Marxism is always revolutionary in two senses. A revolution in the sense of radical change can be any old revolution, any old radical change. Not all radical things are also Marxist simply by virtue of being radical. A “retvrn”, under our conditions, is only to roll back a veil on that which already prevails. To really “retvrn”, as some romantic spirits desire, that is, to return to a world of lords and ladies, and knights and castles, would also require the abolition of contemporary modes of production. Otherwise, without such an abolition, it can only mean to lay bare that which we already are. Combine both sorts of revolution, and you set a new sort of chemical reaction in motion. Combine the old and the new and you find yourself confronted by the paradox of Marxism—the rolling back of society to something entirely new. Marxism is “archaeofuturistic”. It is the only real “archaeofuturism”, an archaeofuturism not of style but of substance. Marxism raises up a new-old world, and raises it up on a fundamental level, on an organizational level, not merely in its “aesthetics”.
This “new-old world” of Marxism is not perfect. The goal of Marxism is not a perfect world, but a world which is right-side-up. A world which is right-side-up will still be plagued by the whole host of problems that are attendant on being human, but at least it will be a right-side-up world.
In what sense is our world upside-down? In the sense that the class of people on which society most depends, that is, the productive class, the working class, is also the class most under subjection.
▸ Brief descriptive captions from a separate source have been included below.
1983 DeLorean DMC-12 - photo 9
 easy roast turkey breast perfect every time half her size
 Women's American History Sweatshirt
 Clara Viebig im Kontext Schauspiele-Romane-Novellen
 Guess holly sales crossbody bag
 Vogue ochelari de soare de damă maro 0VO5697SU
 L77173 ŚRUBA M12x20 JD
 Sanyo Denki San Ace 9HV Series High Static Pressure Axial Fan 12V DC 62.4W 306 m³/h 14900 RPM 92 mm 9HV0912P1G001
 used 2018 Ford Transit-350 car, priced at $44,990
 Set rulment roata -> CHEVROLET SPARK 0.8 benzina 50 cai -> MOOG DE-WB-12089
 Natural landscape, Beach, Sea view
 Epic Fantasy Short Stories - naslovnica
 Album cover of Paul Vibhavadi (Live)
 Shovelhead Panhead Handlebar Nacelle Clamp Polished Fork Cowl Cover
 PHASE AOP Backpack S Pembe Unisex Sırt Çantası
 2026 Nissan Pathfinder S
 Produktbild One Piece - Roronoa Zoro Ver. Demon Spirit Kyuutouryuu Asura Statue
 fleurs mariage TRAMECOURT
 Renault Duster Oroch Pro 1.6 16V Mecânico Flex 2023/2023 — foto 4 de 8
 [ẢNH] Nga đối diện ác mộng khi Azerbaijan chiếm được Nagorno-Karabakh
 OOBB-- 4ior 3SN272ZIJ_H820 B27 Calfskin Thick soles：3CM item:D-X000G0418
As a class, the polity is most dependent on them, and yet they have no real polit-ical sovereignty. This is on the level of “material analysis”, and we need this sort of grounded assessment in order not to lose ourselves in base-less speculations, but I think there is also another way in which this situation expresses itself which is relevant to all classes, or, rather, a way which is relevant to “man-as-such”. Under capitalism, man as “homo faber”, as creator, as the fashioner of himself and his world, as an actor, as active participant in nature, is under subjection. Man as homo faber lacks political sovereignty. Political sovereignty is today in the hands of man as a passive and receptive being, of man as accumulator of wealth, as mere receptacle of thoughts and sensations. In this sense, Marxism as the turning of the world right-side-up is a type of humanism. It aims to restore political sovereignty to man, and it can only do this by granting political sovereignty to the working classes who, under capitalism, represent “man-as-such”. That is, they represent man as worker, as producer. The working classes represent, politically, the subjection of homo faber. Man, as a creative being, cannot be free unless the working classes are free. Man cannot be sovereign unless the working classes are sovereign. Marxism, then, is not only a humanism, it is the first real humanism, the first concrete actualization of humanism, no longer humanism as mere idea, but humanism realized politically. This is Marxism’s radical and new “retvrn to tradition”.